Top of EXERCISE MATERIALS

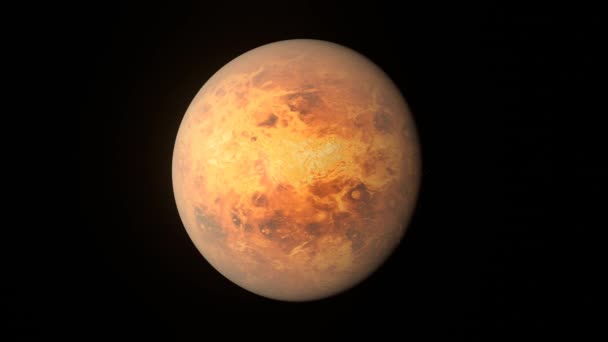 Spinning Planet Venus Beautiful Space Video Footage — 图库视频影像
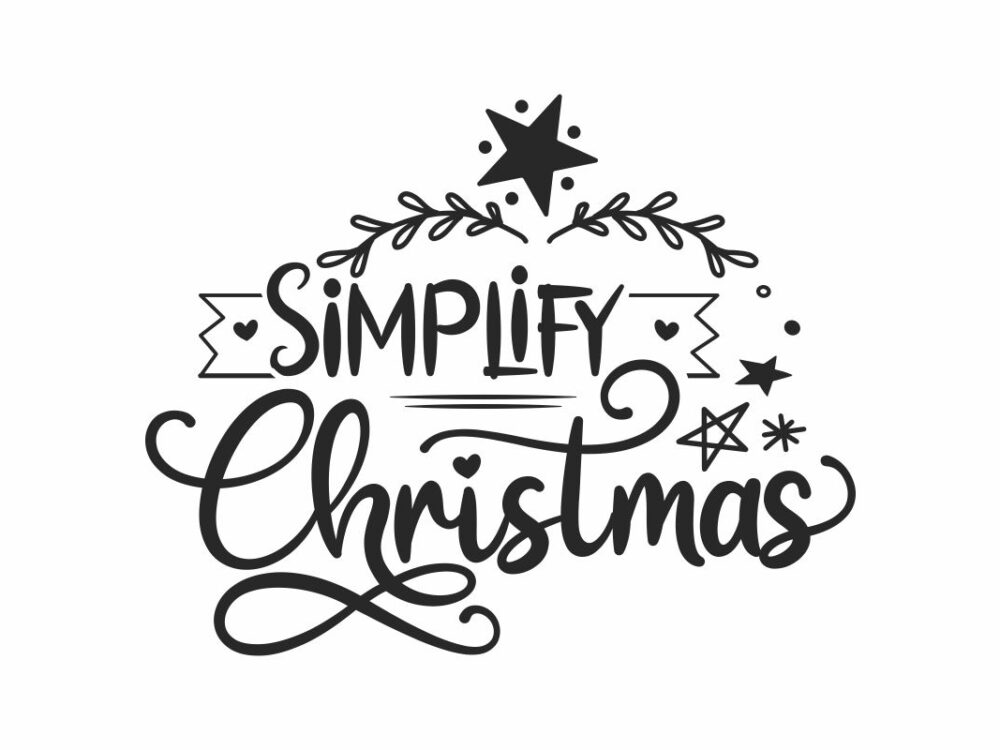 Simplify Christmas SVG File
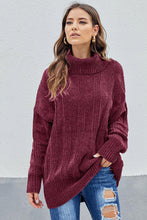 Afbeelding in Gallery-weergave laden, Red Soft Chenille Sweater
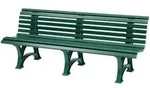 Proregal Gartenbank, Gr&uuml;n, Kunststoff, 200x80x64 cm, Gartenm&ouml;bel, Gartenb&auml;nke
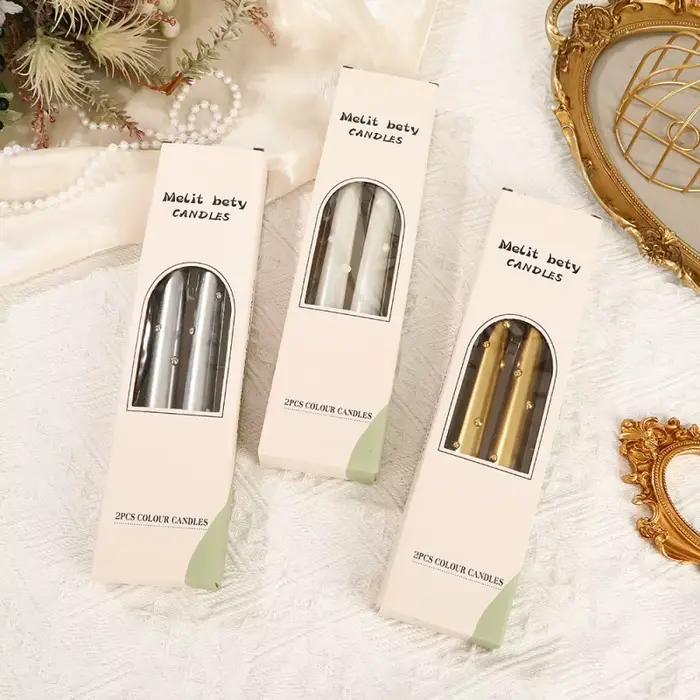 Bougies longues sans fumée pour usage domestique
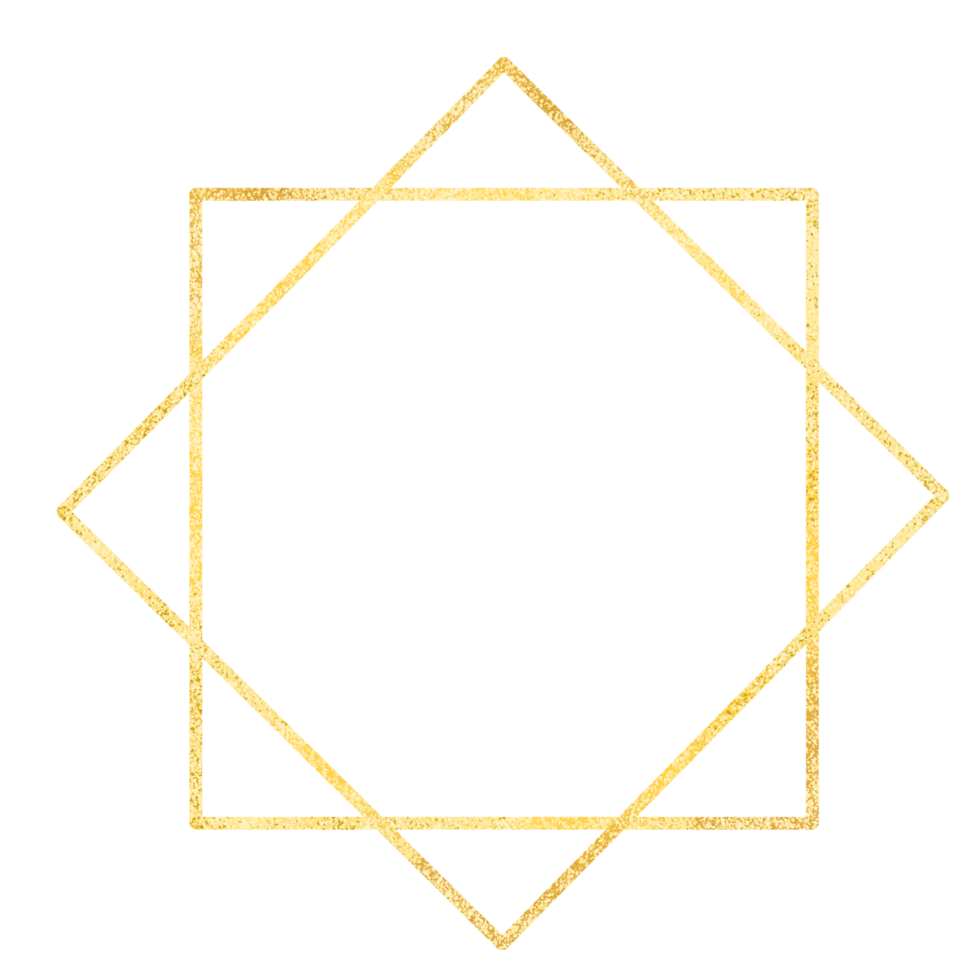 geometrico oro luccichio lusso nozze telaio per invito png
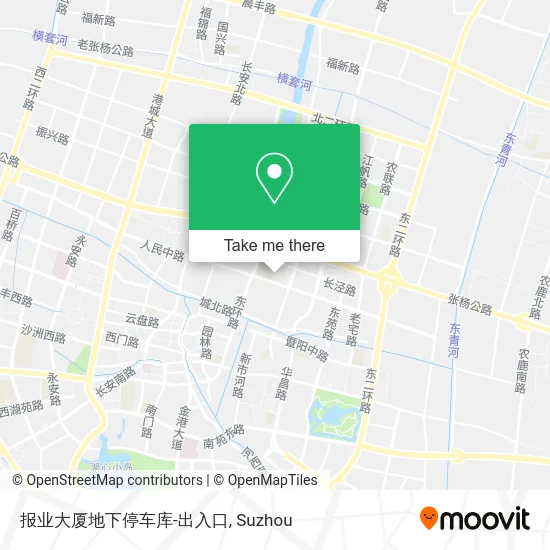 报业大厦地下停车库-出入口 map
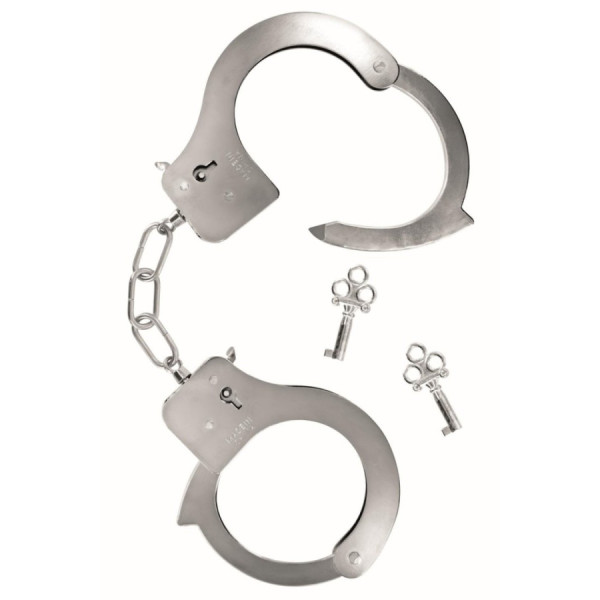 Menottes pour poignet en métal avec 2 clefs pour utilisateurs confirmés 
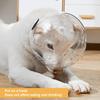 Haustierhaube Beißschutz Atmungsaktiv Verstellbar Katzenmaulkorb Bequem Transparent Katzen Hunde Helm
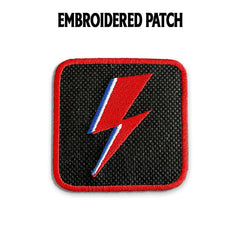 Bowie Flash Embroidered Velcro Patch for Forge Bros Caps - Forge Bros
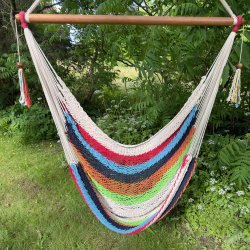 Hngekjestol - Stribet bomulds Net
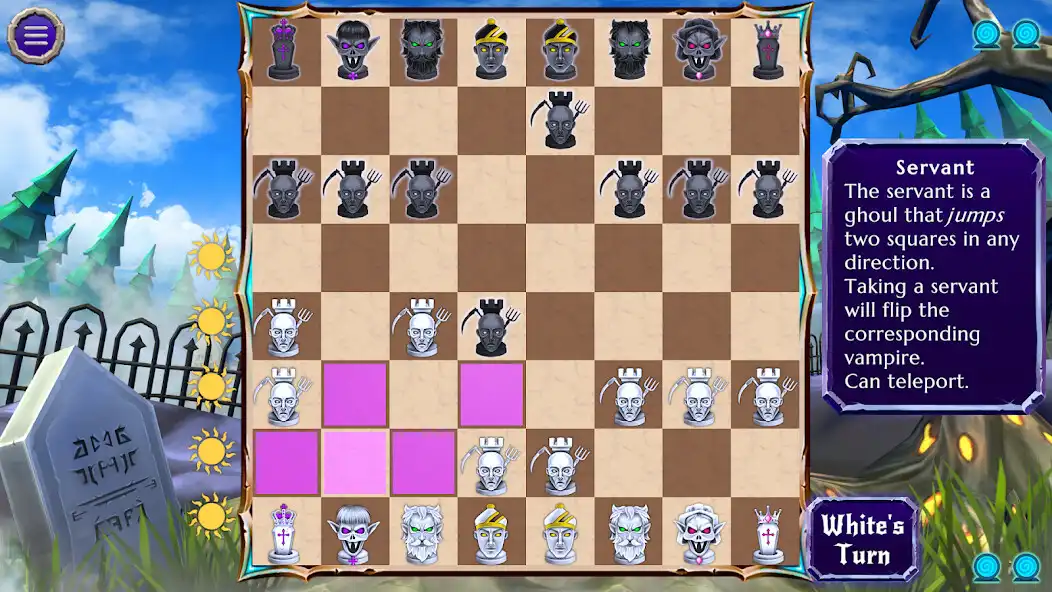 Play Vampire Chess as an online game Vampire Chess with UptoPlay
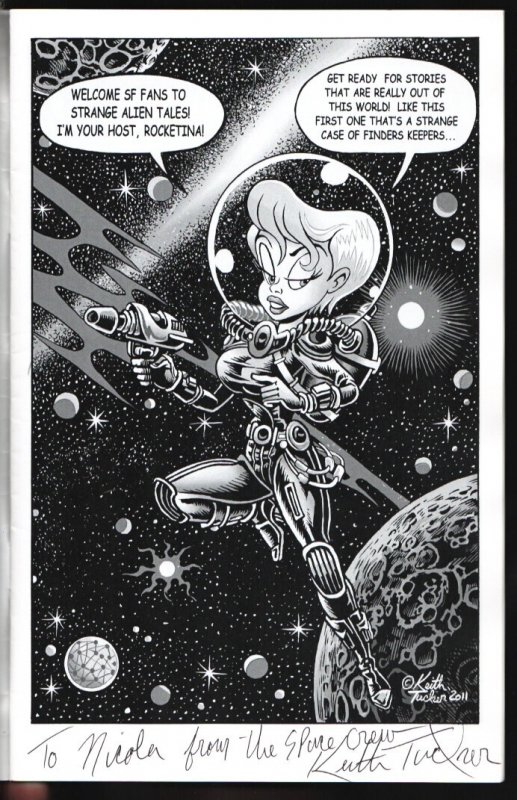 Strange Alien tales #1  2018 - Keith Tucker  -VF/NM - Comic Book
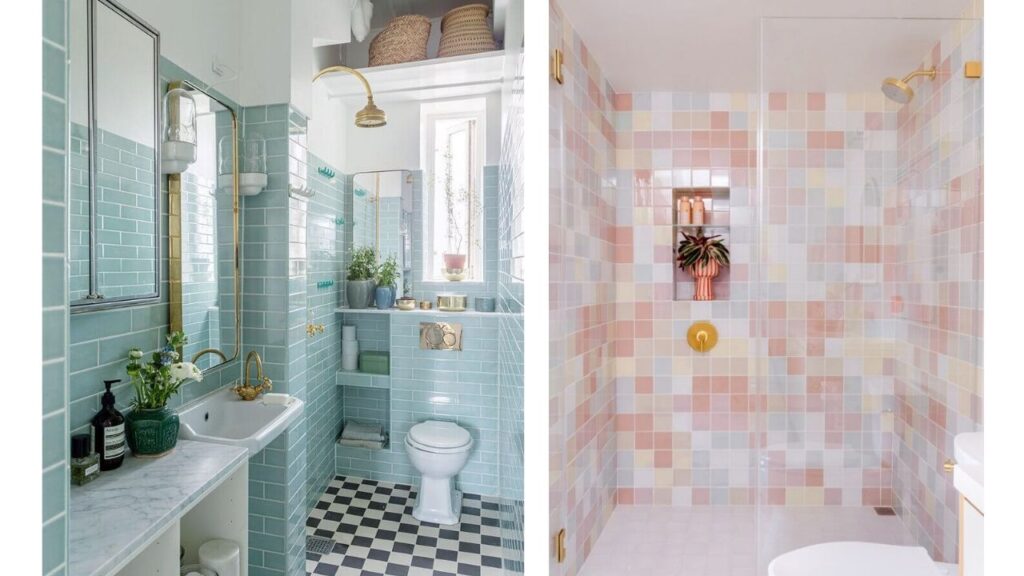 Kolory ścian - łazienka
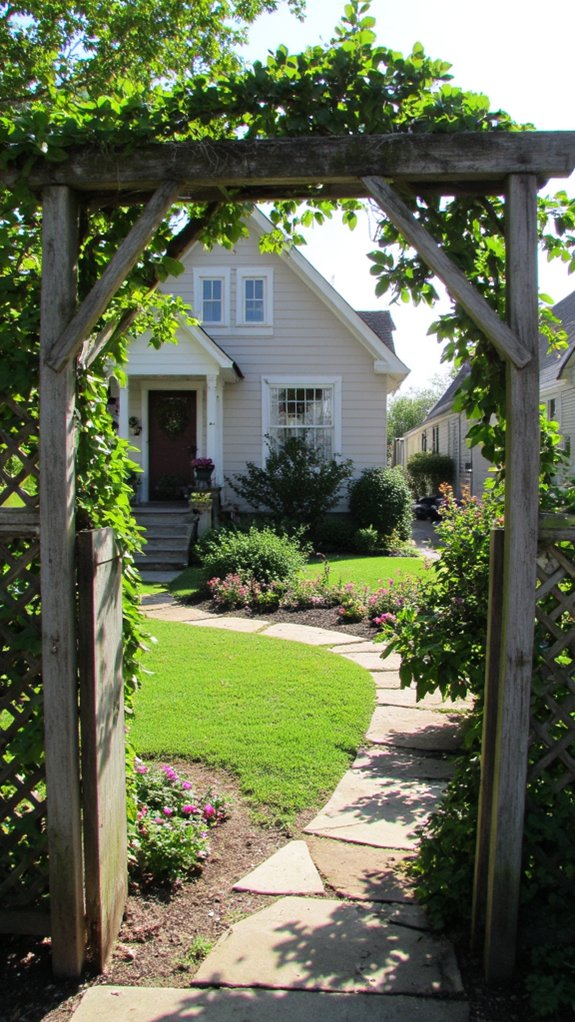 charming trellis fencing enhancement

Bottom of EXERCISE MATERIALS

WHAT IS REQUIRED: Repeat the material above precisely as it appears, omitting the images it contains.

EXERCISE OUTPUT:
 Spinning Planet Venus Beautiful Space Video Footage — 图库视频影像
 Simplify Christmas SVG File
 Afbeelding in Gallery-weergave laden, Red Soft Chenille Sweater
 Proregal Gartenbank, Gr&uuml;n, Kunststoff, 200x80x64 cm, Gartenm&ouml;bel, Gartenb&auml;nke
 Bougies longues sans fumée pour usage domestique
 geometrico oro luccichio lusso nozze telaio per invito png
 报业大厦地下停车库-出入口 map
 Menottes pour poignet en métal avec 2 clefs pour utilisateurs confirmés 
 Haustierhaube Beißschutz Atmungsaktiv Verstellbar Katzenmaulkorb Bequem Transparent Katzen Hunde Helm
 Bowie Flash Embroidered Velcro Patch for Forge Bros Caps - Forge Bros
 Hngekjestol - Stribet bomulds Net
 Play Vampire Chess as an online game Vampire Chess with UptoPlay
 Strange Alien tales #1  2018 - Keith Tucker  -VF/NM - Comic Book
 Kolory ścian - łazienka
 charming trellis fencing enhancement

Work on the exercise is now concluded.